What this task involves | What you return should match the data exactly, from the first line to the last.

Source data |
══════════════════════════════
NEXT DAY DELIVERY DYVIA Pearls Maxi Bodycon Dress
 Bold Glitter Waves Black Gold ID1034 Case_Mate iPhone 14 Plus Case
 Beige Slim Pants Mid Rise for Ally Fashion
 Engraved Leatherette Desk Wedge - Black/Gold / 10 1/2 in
══════════════════════════════
Written response |
NEXT DAY DELIVERY DYVIA Pearls Maxi Bodycon Dress
 Bold Glitter Waves Black Gold ID1034 Case_Mate iPhone 14 Plus Case
 Beige Slim Pants Mid Rise for Ally Fashion
 Engraved Leatherette Desk Wedge - Black/Gold / 10 1/2 in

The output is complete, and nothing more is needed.